Research : Active Galaxies

N4051 sdss image Active Galactic Nuclei (AGN), and their distant luminous versions, the quasars, represent one of the major unsolved problem of astrophysics. AGN emit huge quantities of energy emerge from a very small space, with a spectral energy distribution unlike any other astronomical object, and have a habit of ejecting twin jets of material at relativistic velocities. There is a fairly strong presumption that the underlying process is accretion of matter onto a supermassive black hole, but progressing from there to a believable detailed theory has proved very difficult.

Unified Schemes.
One of the problems has been the complex and confusing phenomenology, and a bewildering variety of "types" of AGN. I have written a number of papers working towards a unified scheme for AGN (see for example my review papers in 1987 and 1999.) A popular idea is that narrow-line AGN are the same as quasars but hidden by an obscuring "torus" of dust, and that in fact most quasars are obscured, and are seen as luminous IR galaxies. I have simultaneously been part of developing this idea, and of criticising it. Example papers are from 1991, 1999, and a recent (2010) ApJ paper looking at the idea of obscuration by warped discs resulting from chaotic accretion. I am currently working on tests of the warped disc idea. Over the next few years, I will be concentrating on looking for obscured AGN with Herschel and UKIDSS.

AGN variability.
N4051 light curve AGN vary rapidly, especially in X-rays. Potentially this holds clues to the Physics of AGN we can't get any other way. My 1987 Nature paper on NGC 4051 had the first light curve of high enough quality to take this seriously, but showed a featureless power law power spectrum. In a 1993 paper Iossif Papadakis and I showed that the amplitude of the power spectrum correlates with luminosity, probably due to an underlying correlation with black hole mass, a suspicion strengthened by finding unnusually fast variability in the least luminous known AGN, NGC4395. This was work led by Paulina Lira in 1999, Kazushi Iwasawa in 2000, and Jess Skelton in 2005. (I am currently writing up other results from Jess' thesis, showing that the correlation really is with black hole mass.) With Omar Almaini and James Manners, we showed in a 2002 paper that this variability-luminosity relation changes at high redshift, probably because earlier than z=2, black holes were still growing, and typically accreting at higher rates.

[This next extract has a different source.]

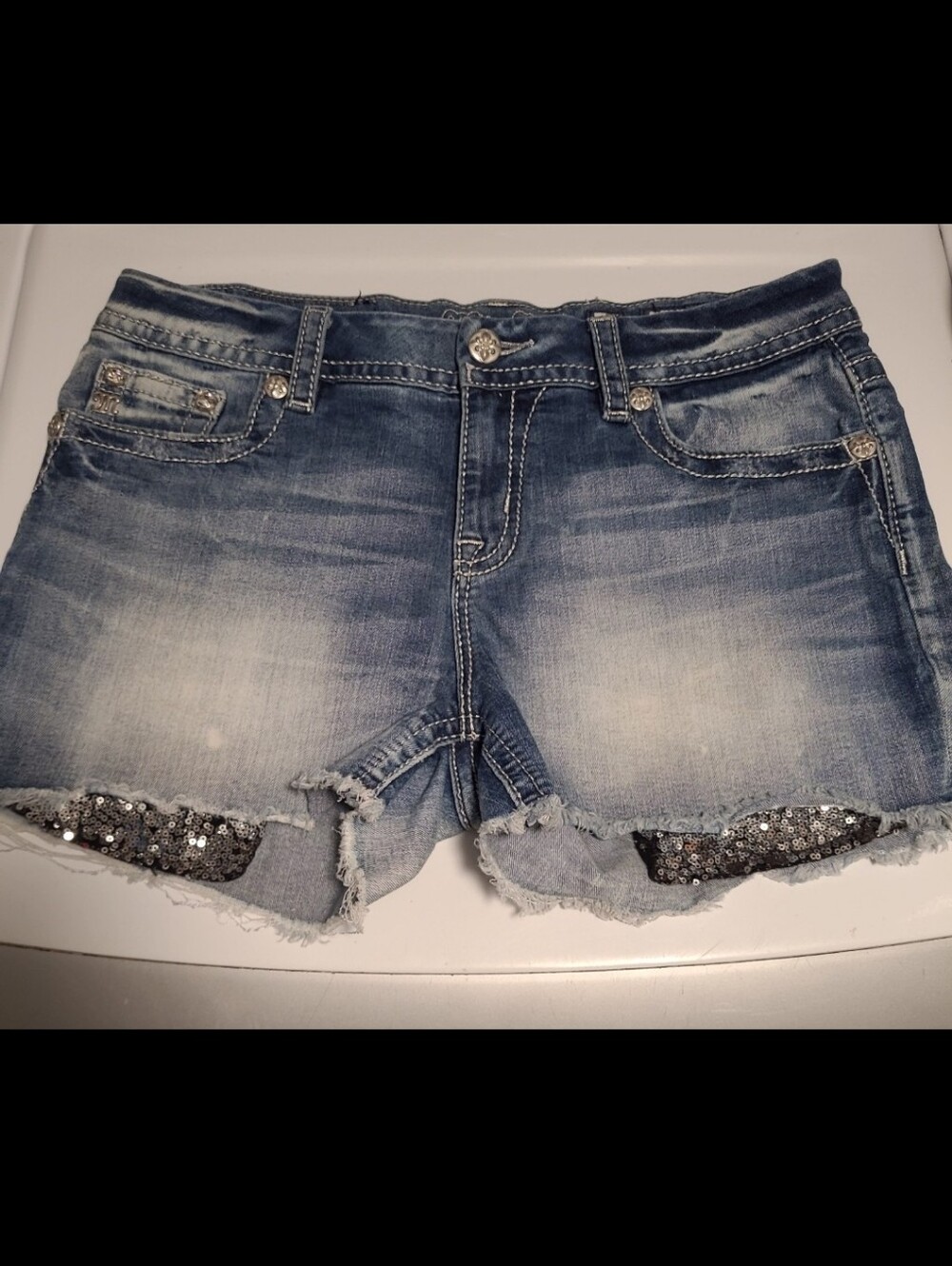 Miss Me Light Distressed Denim Shorts Silver Sequin Accents Mid Rise Easy 29 - Picture 3 of 5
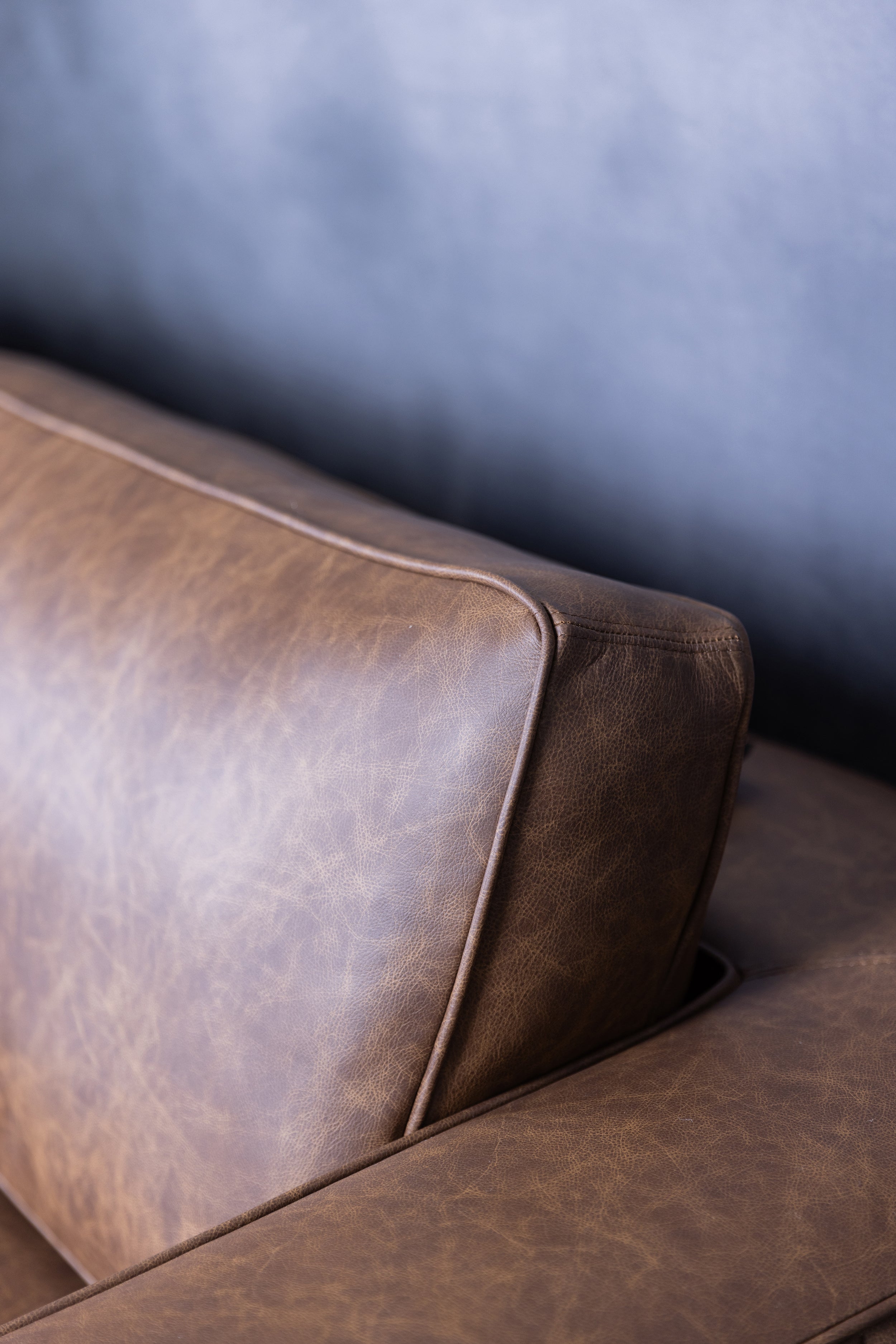 MADDEX DELUXE U SHAPE CHAISE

An exciting new area is that of Tidal Disruption Events, where a star is ripped apart as it passes close to a quiescent black hole, leading to a months-long eruption of quasar-like activity. This idea has been talked about for years, but there are now some pretty convincing candidates - see Gezari et al 2008. Over the next few years, I am working with Suvi Gezari, Martin Elvis, and Tim Heckman, looking to get the first big sample of such events with PanSTARRS-1.

SEDs and accretion discs.
I have also worked on and off on the spectral energy distributions of AGN, and testing the hypothesis of accretion discs. Some tests look good. In a 2003 paper with Evlabia Rokaki, we showed that in AGN showing superluminal motions, where you can estimate the viewing angle, there are surface brightness and velocity effects with angle just as you would expect for a flat disc. In a 2005 paper I showed that the colour differences between objects of different luminosity show just the trend one expects for a thermal emitter. Then in this 2008 paper led by Makoto Kishimoto, we showed that after removing dust emission using cunning polarimetric techniques, the IR spectra of quasars show pretty much the long-predicted nu**1/3 shape.

However there are serious problems for accretion discs models in other places. Variability is simultaneous through the optical-UV, and colour changes with brightness much more steeply than it should. Quasar SEDS are too cool in the UV region, and have the wrong shape to explain the emission lines. All these things are a sign of the disc breaking down in the central regions. I am currently working on a model where the bulk of the big blue bump is made up of highly smeared line emission from extremely dense clouds. A preliminary version of this model is given in this seminar talk. (The first half is about faint radio sources and the second half about the blue bump). Hopefully I will write this up properly soon.